Review: A New World at the Pasadena Symphony

 A New World at the Pasadena Symphony 

by 

Leticia Marie Sanchez

Peter Adams’ painting, The Pools Above Sturtevant Falls, graced the entrance of the Pasadena Symphony on Saturday, April 18.  Mr. Adams’ painting of the cataracts  in Santa Anita Canyon beckons the viewer to take a dip in translucent aquamarine waters. The tempting pool, with its sunlight swirl, retains an air of mystery. Is the sun rising or setting? An evanescent moment, as ephemeral as a musical note.

An invitation to enter into a New World.

Mr. Adams’ painting heralded the theme of Saturday Night’s concert: A New World.  The program represented a new world of styles, techniques, and cultures in the music of Darius Milhaud, Felix Mendelssohn, and Antonin Dvorák.

Darius Milhaud’s Le Creation Du Monde should be called A Frenchman in Brazil because many mistakenly believed that Milhaud’s piece copied Gershwin’s American in Paris. In fact, Le Creation Du Monde came first, in 1923, a year before Rhapsody in Blue and five years before an American in Paris. Milhaud, a French native, derived inspiration from his journeys to Brazil and Harlem. Not everyone reacted with acceptance towards Milhaud’s new musical world. Milhaud wryly observed the pundits’ reaction, declaring, “The critics decreed that my music was frivolous and more suitable for a restaurant or a dance hall than for the concert hall. Ten years later the selfsame critics were discussing the philosophy of jazz and learnedly demonstrating that La Création was the best of my works.” Those embarking on musical, nautical, artistic, and scientific New Worlds, from Columbus to Galileo to Picasso to Milhaud often find that being derided as a lunatic is simply the first step towards being hailed as a genius.
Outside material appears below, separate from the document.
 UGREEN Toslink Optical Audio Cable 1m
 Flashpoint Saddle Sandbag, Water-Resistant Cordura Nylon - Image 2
Felix Mendelssohn’s Violin Concerto in E. Minor, Op.64  also represents a foray into uncharted waters. While most orchestral works slowly develop the exposition of main themes, Mendelssohn’s unusual structure has the main theme burst through the piece at the beginning. Violinist Linda Wang, performing on an Old World violin, a 1767 Guadagnini, captured the energy of this dynamic movement. Unlike the mocked Milhaud, Mendelssohn fortunately found immediate acceptance of his unusual style.
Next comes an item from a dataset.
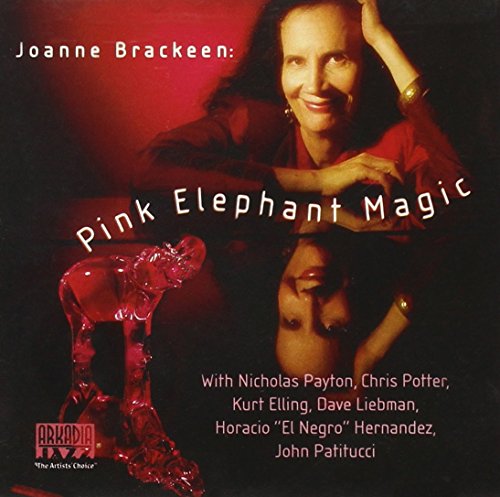 Brackeen , Joanne - Pink Elephant Magic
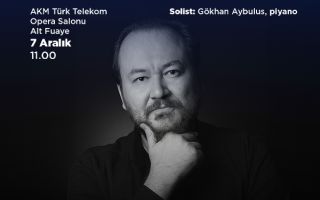 Türk Telekom Prime Kahve Konserleri Piyano Resitali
Finally, Dvorák’s Symphony No. 9 in E Minor, op. 95 “From the New World” exhibits the composer’s passion for his new world, the United States. A native of what is now the Czech Republic, Dvorák wrote Symphony No.9 while living in New York. Dvorák’s homage to his new domicile incorporates the influences of African American spirituals as well as the Native American legend of Hiawatha. Longfellow’s poem Song of Hiawatha inspired Dvorák so much that he once attempted to compose an opera based on the work. Many motifs from Hiawatha, such as the wedding dance, blend seamlessly into Dvorák’s symphony. This piece celebrates the diversity and variety of our heritage and has become an immensely popular work. Ironically, it took a visiting composer from outside of the United States to weave a tapestry that so cohesively captured the American spirit.

Legend has it that Neil Armstrong took  “From the New World” Symphony with him on the Apollo 11 mission, the historic odyssey that marked man’s landing on the moon. The astronauts transported Dvorák’s piece to a whole new lunar world. Music emboldened the heroes as they made their giant leaps and bounds for mankind. We, too, can take music with us when we catapult into new worlds, whether it is a hike near Sturtevant Falls or a trip to distant lands.

The lightest of all belongings, music is that suitcase which we we carry in our hearts.